◆ TASK OBJECTIVE: With the exception of the pictures, write out the data below precisely.

##### MATERIAL PROVIDED #####

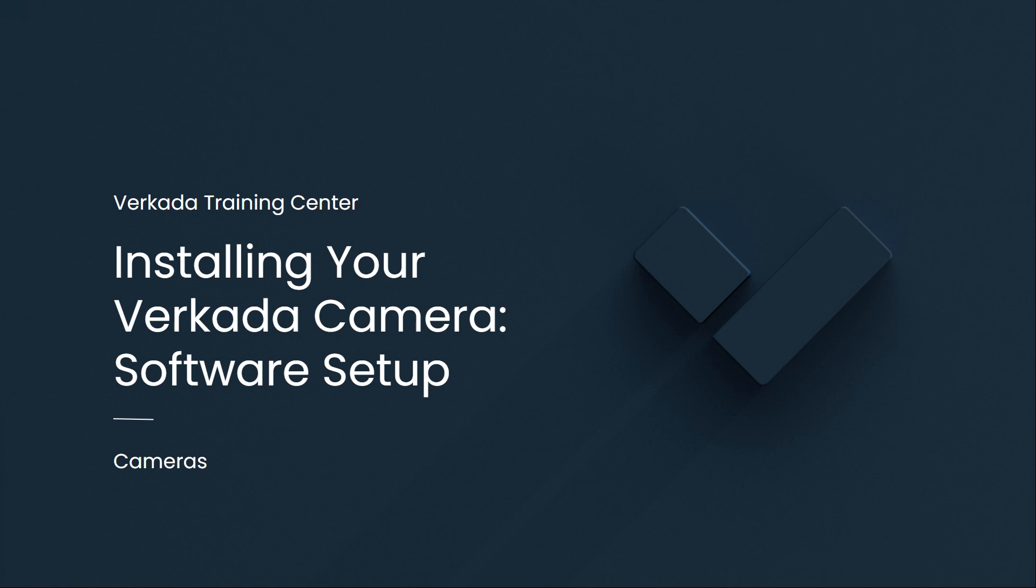Hello, my name is Achilles. I'm a solution engineer at Verkada, and this video will cover the software setup of a Verkada camera installation.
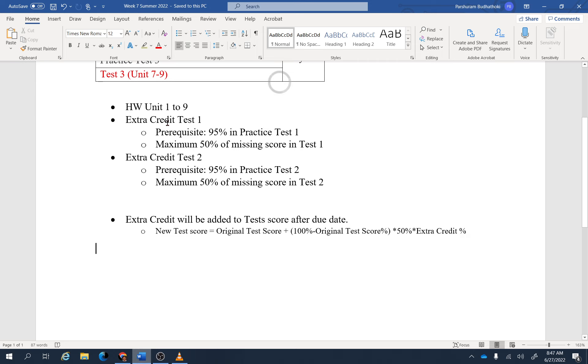If you really want to improve your score in the course, then this is a great opportunity. For some reason, if you miss this assignment, there will be no makeup for any reason. If you don't do it, it means you don't need extra credit.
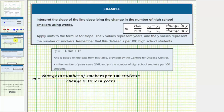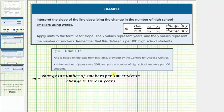Now for the second part of this question, we're asked to interpret the slope of the line describing the change in the number of high school smokers using words. We know in general the slope is equal to the ratio of the change in y to the change in x, but in this case, because y equals the number of high school smokers per 100 students and x equals the number of years since 2011, we can say more specifically the slope equals the ratio of the change in the number of smokers per 100 students to the change in time in years.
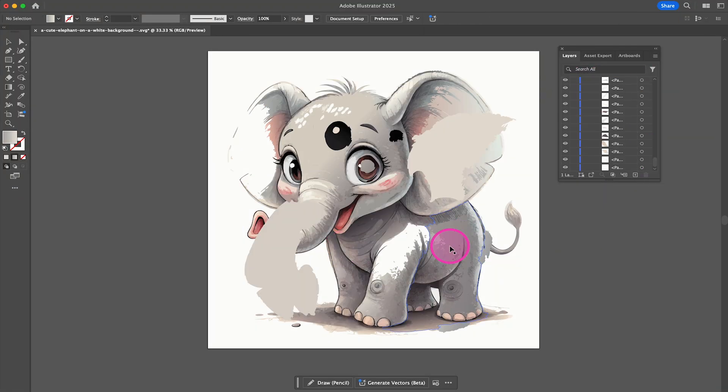And that's it guys, this is how you vectorize an image in Recraft. If you enjoyed this tutorial, make sure to smash the like button and subscribe to my channel for more Recraft tutorials.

#####

◆ WRITTEN SOLUTION:
Hello, my name is Achilles. I'm a solution engineer at Verkada, and this video will cover the software setup of a Verkada camera installation.
If you really want to improve your score in the course, then this is a great opportunity. For some reason, if you miss this assignment, there will be no makeup for any reason. If you don't do it, it means you don't need extra credit.
Now for the second part of this question, we're asked to interpret the slope of the line describing the change in the number of high school smokers using words. We know in general the slope is equal to the ratio of the change in y to the change in x, but in this case, because y equals the number of high school smokers per 100 students and x equals the number of years since 2011, we can say more specifically the slope equals the ratio of the change in the number of smokers per 100 students to the change in time in years.
And that's it guys, this is how you vectorize an image in Recraft. If you enjoyed this tutorial, make sure to smash the like button and subscribe to my channel for more Recraft tutorials.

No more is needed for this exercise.